Teacher dating vice principal
I make and seek out opportunities to have two-way communication with staff and encourage the teacher leader that resides within them. I never want teachers to feel like I felt in As an educator, I yearned for a meaningful response to my work. Maybe we can get more done over the Internet, but an important personal connection is sacrificed in our pursuit for efficiency. Now I see this feedback as the water that encourages growth. A leader, I said to myself, should be the gardener:
Composure There are many situations that will arise during a school day that may present difficulties, but an instructional leader must remain composed and poised under the pressure. A leader, I said to myself, should be the gardener: Sometimes I question the impact I make. I care about them as people. Planting seeds, nurturing them and promoting growth. Since becoming an assistant principal two months ago, I have to admit that I am not yet tending a healthy and tranquil garden.
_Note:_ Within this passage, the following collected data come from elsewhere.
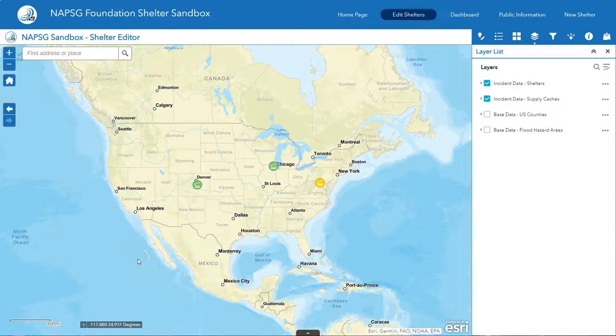Welcome to the NAPSEC Foundation Shelter Sandbox Advanced User video. In this video, we'll show some helpful tips and tricks for those users that want to really dig into the tool.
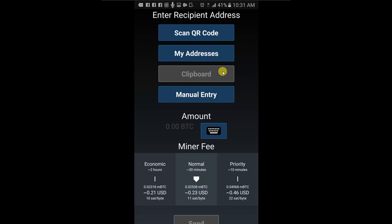Or manually enter their bitcoin address using manual entry.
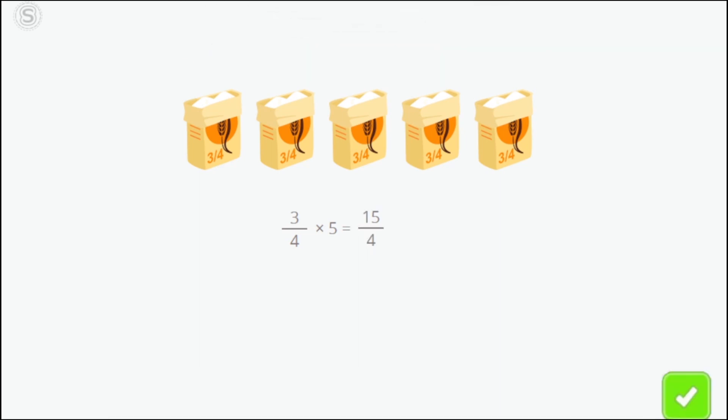Very good! To find the result, we just have to multiply the numerator by the whole number and keep the denominator the same. Now you know how to multiply fractions by whole numbers. Keep practicing!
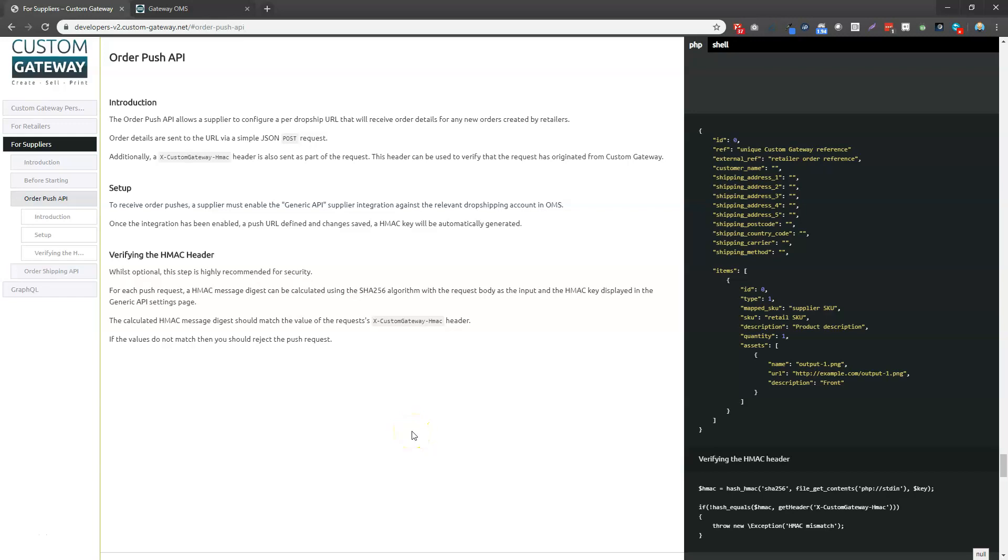This video covers the OrderPush API from the Custom Gateway OMS platform. Now, you might already be familiar with our OrderIt API, which allows retailers to send orders into OMS to be further processed.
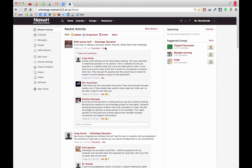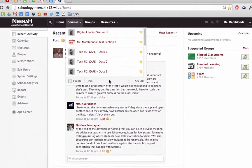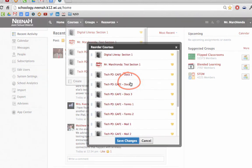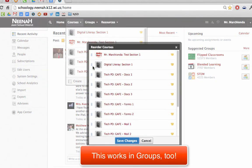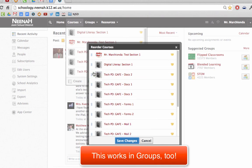Hey staff, did you know that you can rearrange your courses so that you can have them in any order you want? To do that, you simply click the down and up arrow and you get a pop-up window, and you can grab that arrow and shuffle around your courses in any way that you would like.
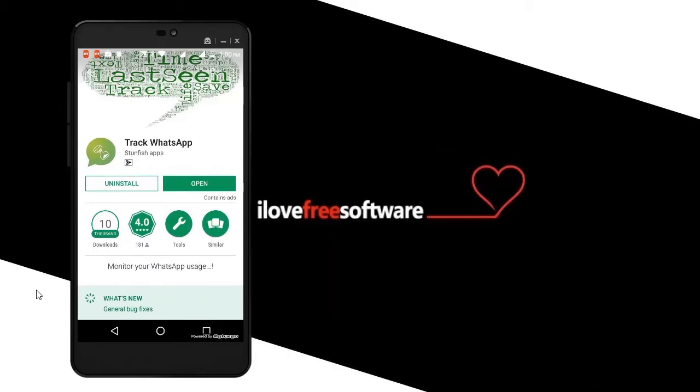if you're too frequently opening WhatsApp or opening WhatsApp too many times a day. To do this, you need to install a free Android app called WhatsApp Tracker. I will leave a link for this in the description of this video so that you can install it on your Android device.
As an educator, I yearned for a meaningful response to my work. Compassion The other day, I was speaking with a staff member behind closed doors, and she became very upset about something personal. I make and seek out opportunities to have two-way communication with staff and encourage the teacher leader that resides within them. When everyone else feels pulled apart, a leader has to be the glue. Do I miss the classroom? It was a tumultuous year, one in which I decided that the safest place for my students and me was my classroom, room I conduct regular informal walkthroughs and make it a priority to get into halls and classrooms. I never want teachers to feel like I felt in As much as I wanted to cry, as my empathy was kicking in, I knew that I had to remain calm and provide some assurance and continuity. But nothing as various and complex as a school environment can grow and thrive without it. I want the staff to know that I care about them beyond their job. Communicate On-going, authentic, two-way communication is hard to come by these days. Every morning I greet teachers with a friendly hello, and the end of the day say goodbye and thank them. I struggle to be the leader our staff needs and to place myself in the shoes of the educators I work with. I fight to remember what it feels like to be a teacher, including the incredible pressure I felt to meet the ongoing needs of students, always keeping myself focused on what is best for them. I take a breath and determine to focus on being a PC 3 leader—not one who is politically correct, but a leader who is present, who communicates, is compassionate, and composed. At those moments, I remind myself that I may not yet be tackling the heavy stuff to make a huge difference, but being a positive force does not always require a huge accomplishment. Not on my watch. But I know I am where I am needed, tending our garden.